Türk Tabipleri Birliği olarak tüm bu sorunlar karşısında talep ve önerilerimizi söyledik. Gerektiğinde G(ö)REV’e varan eylem ve etkinliklerle demokratik baskı gücümüzü her daim kullandık, kullanmaya da devam edeceğiz.
Mesleğimizden aldığımız güç ve TTB tarihinin 70 yıllık mücadele birikiminin özeti olarak;
Kamusal sağlık sistemini, şiddetsiz bir sağlık ortamında mesleki saygınlığı ve emekliliğe yansıyan temel ücret artışını, insanların bedenine ve ruhuna dokunabilme yetkisinin verdiği sorumlulukla hasta mahremiyetine saygıyı, işkenceye karşı “İstanbul Protokolü’nü”, kadın cinayetlerine karşı “İstanbul Sözleşmesi’ni” savunduk.

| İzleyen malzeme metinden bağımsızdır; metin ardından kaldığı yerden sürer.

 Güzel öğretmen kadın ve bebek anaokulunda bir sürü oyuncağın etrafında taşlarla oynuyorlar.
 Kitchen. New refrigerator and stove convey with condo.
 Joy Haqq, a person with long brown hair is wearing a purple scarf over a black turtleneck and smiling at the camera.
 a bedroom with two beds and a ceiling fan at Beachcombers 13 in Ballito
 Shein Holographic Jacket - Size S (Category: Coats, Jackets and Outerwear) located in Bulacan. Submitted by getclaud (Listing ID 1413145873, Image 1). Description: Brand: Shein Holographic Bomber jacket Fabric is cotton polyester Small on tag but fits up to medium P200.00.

Darbe dönemlerinde idam cezalarına karşı durmayı, laiklik ve düşünce özgürlüğü konusunda tavizsiz olmayı önceliğimiz olarak gördük.
Varlık sebebi insanı yaşatmak ve sağlığını koruyup geliştirmek olan hekim meslek örgütü TTB’nin; “Yurtta sulh cihanda sulh” söyleminin haklılığından aldığı güçle; “nükleer ve kimyasal silahlara, mayınlara, bireysel silahlanmaya” karşı durmasından ve dünyanın her yerinde ve tarihin her döneminde “Savaş bir halk sağlığı sorunudur” demesinden daha doğal bir şey olamaz.
TTB’nin söylemleri ve eylemleri elbette eleştirilebilir. Ancak bu eleştiriler sadece mesleki değerler ve temel haklara dayandırılabilirse anlamlıdır. TTB ve Tabip Odalarını Sağlık Bakanlığı’nın “yan odası” yapmanın hiçbir hekime yararı olmayacağı tarihsel bir gerçektir. Hekimin mesleki bağımsızlığının ve meslek örgütünün özerkliğinin yok sayıldığı, TTB Başkanı’nın siyasi direktiflerle tutuklanıp cezaevine konabildiği bir ülkede hiç kimsenin yarın için bir garantisi yok demektir. Bu nedenle; Prof. Dr. Şebnem Korur Fincancı derhal serbest bırakılmalı, TTB üzerindeki baskılar sonlandırılmalıdır.
Türk Tabipleri Birliği, kimlerin iktidarda olduğuna bakmadan, tarihinin her döneminde olduğu gibi bugün de hekimler için hekimlerle birlikte mücadelesine devam edecek. Sel gider kum kalır!